I walk. Brooding, in the low hanging cloud cover and high humidity.

“Check the Privilege.” (Georgia)

Comments

  1. It’s still with me too – and there it is again – we see and yet we’re blind to so much; we feel empathy. Until we become uncomfortable; we assume and then – if we’re lucky – we pause and realize.

    Liked by 2 people

  2. These days I often feel like so many things demand my attention, summon my outrage, fray my nerves, invite my consideration, deserve my compassion that I scarcely can breathe. But when I manage to get my wits about me and find that quiet space, there’s a simple word that I return to…lucky. And a bit ashamed to be so….

    Liked by 2 people

  3. We have all had tough times.
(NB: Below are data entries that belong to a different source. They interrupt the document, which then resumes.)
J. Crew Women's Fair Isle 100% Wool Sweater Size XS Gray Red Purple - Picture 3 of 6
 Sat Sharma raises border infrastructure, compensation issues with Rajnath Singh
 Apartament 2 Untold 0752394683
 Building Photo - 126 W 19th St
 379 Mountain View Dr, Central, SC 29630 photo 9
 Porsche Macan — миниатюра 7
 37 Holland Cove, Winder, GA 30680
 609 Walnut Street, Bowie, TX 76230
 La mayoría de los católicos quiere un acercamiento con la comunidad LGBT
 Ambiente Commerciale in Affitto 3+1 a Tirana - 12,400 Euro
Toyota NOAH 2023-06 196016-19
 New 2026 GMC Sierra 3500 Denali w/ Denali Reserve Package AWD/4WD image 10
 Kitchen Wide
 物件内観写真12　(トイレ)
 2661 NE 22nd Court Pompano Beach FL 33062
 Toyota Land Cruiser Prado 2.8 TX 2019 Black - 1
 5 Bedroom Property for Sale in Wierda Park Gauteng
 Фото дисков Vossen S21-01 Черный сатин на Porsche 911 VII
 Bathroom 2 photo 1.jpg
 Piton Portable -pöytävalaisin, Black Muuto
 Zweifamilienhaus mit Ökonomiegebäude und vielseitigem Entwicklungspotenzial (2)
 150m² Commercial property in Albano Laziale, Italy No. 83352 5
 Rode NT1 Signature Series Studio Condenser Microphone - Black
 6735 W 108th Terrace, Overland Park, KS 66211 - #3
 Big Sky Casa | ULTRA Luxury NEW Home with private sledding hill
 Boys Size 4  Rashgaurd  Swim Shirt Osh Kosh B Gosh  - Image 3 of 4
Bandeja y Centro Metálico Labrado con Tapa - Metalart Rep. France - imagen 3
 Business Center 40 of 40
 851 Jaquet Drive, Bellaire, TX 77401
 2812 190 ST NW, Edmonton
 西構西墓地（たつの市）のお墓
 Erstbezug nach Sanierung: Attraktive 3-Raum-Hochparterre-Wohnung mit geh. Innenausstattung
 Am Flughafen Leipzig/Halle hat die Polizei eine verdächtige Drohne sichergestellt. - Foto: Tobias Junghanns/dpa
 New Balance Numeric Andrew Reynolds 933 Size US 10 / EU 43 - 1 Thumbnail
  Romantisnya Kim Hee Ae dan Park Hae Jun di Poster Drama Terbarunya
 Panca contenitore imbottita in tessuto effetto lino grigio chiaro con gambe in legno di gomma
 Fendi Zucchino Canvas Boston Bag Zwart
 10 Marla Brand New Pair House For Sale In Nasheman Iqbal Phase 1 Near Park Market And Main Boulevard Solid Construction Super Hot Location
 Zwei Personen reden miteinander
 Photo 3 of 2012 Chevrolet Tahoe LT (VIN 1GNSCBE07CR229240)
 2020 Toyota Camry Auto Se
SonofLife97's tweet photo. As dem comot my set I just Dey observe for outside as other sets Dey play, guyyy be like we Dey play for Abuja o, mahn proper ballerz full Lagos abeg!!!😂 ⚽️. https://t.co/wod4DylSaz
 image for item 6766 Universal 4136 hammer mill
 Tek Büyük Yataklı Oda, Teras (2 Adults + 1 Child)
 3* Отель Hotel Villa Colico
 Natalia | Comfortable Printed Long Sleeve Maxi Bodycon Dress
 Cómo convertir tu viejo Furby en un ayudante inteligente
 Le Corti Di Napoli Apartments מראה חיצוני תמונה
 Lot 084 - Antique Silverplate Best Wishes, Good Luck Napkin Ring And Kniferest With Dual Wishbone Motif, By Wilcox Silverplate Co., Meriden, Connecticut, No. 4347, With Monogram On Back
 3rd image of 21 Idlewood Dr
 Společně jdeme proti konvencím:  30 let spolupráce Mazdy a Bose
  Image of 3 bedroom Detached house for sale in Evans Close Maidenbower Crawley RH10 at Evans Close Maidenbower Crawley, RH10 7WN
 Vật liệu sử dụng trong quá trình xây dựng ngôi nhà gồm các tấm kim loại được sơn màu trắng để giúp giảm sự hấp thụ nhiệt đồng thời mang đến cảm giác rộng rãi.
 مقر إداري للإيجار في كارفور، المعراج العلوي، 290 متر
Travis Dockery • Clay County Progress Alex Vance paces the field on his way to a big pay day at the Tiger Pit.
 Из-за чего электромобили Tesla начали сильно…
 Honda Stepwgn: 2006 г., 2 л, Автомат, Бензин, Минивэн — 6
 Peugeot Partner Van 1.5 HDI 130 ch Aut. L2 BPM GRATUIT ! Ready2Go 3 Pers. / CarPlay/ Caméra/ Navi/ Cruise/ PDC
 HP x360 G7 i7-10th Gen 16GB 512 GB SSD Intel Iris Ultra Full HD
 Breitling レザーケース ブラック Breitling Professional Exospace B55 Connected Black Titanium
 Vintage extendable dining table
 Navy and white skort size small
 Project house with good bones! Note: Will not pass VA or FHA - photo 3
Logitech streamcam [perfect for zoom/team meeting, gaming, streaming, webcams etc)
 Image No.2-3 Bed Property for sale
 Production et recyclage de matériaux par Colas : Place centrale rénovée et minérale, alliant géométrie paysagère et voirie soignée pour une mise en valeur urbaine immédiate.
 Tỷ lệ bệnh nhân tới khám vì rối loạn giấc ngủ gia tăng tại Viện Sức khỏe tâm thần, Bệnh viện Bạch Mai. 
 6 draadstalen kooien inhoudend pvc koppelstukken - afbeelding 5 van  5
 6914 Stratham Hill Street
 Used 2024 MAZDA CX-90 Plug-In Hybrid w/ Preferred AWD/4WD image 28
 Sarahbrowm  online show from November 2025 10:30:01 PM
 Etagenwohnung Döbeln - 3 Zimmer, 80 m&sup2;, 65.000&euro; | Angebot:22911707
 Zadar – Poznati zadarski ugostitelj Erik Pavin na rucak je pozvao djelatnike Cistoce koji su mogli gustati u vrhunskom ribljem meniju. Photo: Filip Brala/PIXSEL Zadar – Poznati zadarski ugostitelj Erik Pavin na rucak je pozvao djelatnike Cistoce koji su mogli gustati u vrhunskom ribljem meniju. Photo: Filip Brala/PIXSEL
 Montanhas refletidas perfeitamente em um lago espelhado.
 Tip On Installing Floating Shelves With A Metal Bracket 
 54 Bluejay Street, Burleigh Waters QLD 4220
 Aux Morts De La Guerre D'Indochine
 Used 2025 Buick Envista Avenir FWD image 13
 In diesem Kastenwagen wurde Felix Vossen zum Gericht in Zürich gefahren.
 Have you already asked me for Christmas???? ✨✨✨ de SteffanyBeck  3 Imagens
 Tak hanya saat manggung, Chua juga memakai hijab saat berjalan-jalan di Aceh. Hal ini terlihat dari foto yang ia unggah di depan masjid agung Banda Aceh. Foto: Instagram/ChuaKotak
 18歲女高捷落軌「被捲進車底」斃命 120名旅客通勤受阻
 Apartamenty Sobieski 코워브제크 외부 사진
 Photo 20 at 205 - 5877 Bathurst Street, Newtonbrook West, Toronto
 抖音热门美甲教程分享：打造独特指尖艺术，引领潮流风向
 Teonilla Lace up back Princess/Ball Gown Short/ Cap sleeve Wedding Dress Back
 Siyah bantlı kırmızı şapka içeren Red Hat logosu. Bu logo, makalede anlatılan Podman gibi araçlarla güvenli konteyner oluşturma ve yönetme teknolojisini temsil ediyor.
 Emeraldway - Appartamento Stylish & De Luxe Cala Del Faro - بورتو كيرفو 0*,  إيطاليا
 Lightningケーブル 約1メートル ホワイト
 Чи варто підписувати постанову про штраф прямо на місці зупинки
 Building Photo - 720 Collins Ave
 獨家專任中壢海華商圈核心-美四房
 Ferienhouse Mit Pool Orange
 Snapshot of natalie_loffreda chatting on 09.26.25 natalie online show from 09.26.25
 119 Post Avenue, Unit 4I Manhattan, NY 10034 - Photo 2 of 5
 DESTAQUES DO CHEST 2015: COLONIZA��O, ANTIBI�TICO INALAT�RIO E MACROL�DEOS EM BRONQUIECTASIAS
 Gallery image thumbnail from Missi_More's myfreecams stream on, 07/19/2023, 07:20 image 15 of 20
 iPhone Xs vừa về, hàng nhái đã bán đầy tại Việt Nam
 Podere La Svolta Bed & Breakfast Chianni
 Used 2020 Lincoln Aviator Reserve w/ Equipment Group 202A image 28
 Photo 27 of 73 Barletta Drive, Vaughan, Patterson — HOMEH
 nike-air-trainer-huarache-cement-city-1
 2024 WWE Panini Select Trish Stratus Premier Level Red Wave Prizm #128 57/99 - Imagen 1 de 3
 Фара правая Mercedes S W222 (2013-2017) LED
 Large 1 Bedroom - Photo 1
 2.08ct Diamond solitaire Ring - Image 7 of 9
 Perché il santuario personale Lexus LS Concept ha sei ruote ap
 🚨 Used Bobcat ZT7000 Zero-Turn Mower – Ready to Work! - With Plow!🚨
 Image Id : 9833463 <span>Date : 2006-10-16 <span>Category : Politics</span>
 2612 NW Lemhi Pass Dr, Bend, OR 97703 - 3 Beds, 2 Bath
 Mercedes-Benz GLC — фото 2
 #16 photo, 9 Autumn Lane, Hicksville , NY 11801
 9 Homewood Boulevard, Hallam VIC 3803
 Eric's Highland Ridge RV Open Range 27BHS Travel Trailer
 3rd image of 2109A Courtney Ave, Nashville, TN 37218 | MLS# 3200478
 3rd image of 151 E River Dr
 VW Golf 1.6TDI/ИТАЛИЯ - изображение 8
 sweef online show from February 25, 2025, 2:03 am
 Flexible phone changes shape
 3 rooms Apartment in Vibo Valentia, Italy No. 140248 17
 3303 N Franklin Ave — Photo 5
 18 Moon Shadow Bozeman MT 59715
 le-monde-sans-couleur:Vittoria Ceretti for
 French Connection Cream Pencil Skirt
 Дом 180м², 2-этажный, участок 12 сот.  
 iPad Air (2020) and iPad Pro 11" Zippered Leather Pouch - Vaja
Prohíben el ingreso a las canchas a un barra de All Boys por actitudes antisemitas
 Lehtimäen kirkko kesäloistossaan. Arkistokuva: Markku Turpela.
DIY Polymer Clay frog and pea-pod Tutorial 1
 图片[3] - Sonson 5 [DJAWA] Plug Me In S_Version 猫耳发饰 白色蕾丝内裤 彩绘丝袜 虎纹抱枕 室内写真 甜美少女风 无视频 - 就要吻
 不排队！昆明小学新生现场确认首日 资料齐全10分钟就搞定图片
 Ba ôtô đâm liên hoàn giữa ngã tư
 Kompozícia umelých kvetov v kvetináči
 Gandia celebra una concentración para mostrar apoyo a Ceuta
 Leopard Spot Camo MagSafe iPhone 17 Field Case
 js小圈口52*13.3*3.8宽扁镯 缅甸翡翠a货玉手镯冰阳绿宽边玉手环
When I was a young mom we didn´t have money for a Christmas tree one year, so the kids and I collected bottles and cans until we had $7.00 which was enough for a small real tree at that time. We loved that tree because we earned it!

    Liked by 3 people

  4. this makes me sad…

    but at the same time, I admire their willingness to do whatever it takes to survive…

    Liked by 3 people

  5. Yes, some people have it way harder than others. But don’t forget, David, you worked hard to get where you are. You have earned your lifestyle and should by no means feel guilty that you have the privileges you have. That you see what’s around you is testament to your goodness. Never feel ashamed for what who you are (unless you were a horrid person, then that would be anothe story…)

    Liked by 3 people

  6. We do what we have to do. It’s not’s alwasy the money but the having something to do I had an uncle who had money, a lot and he and in his later yeras would go to the nice neighborhoods by his house and go thru their trash. It drove us crazy. Maybe it was his mind. But yesterday, I had a slightly similar situation and felt the same heaviness as I thought about the car we were driving, the Starbucks we were drinking and the house and a/c we were going home to. 🙂 SIR doesn’t make you old, you make me feel old when you talk like that, reember I’m older than you by 7-8 years

    Liked by 2 people

  7. your heaviness was a much heavier burden to carry than their filled to the brim bags would ever be. you will carry yours with you for a long while, even after they have emptied theirs.

    Liked by 2 people

  8. Reblogged this on It Is What It Is and commented:
    Wow!! Checking the priviledge …

    Liked by 1 person

  9. 💔 Ow. A Sunday morn before 5, wearing headlamps? They likely weren’t drug addicts, but maybe these days we can only safely donate somewhere in their honor and ask our higher power for it to bless them, too.

    Liked by 1 person

  10. Looking at it from another perspective. 🧐 The only difference between us and this story, is that their vulnerability and wounding is ‘seen,’ while we keep ours hidden behind possessions and money, and call it guilt.

    Liked by 1 person

  11. I saw a skinny young man under the overpass bridge and prayed his tide would turn for better somehow I won’t know. I reminded myself my sorrows over a son who chose to move cross country for career are outrageously uncalled for…my son could’ve been this skinny young man hiding behind sunglasses and shade. I could just have easily been his mama. I pray I never get so “well off” that I forget the gift of being okay.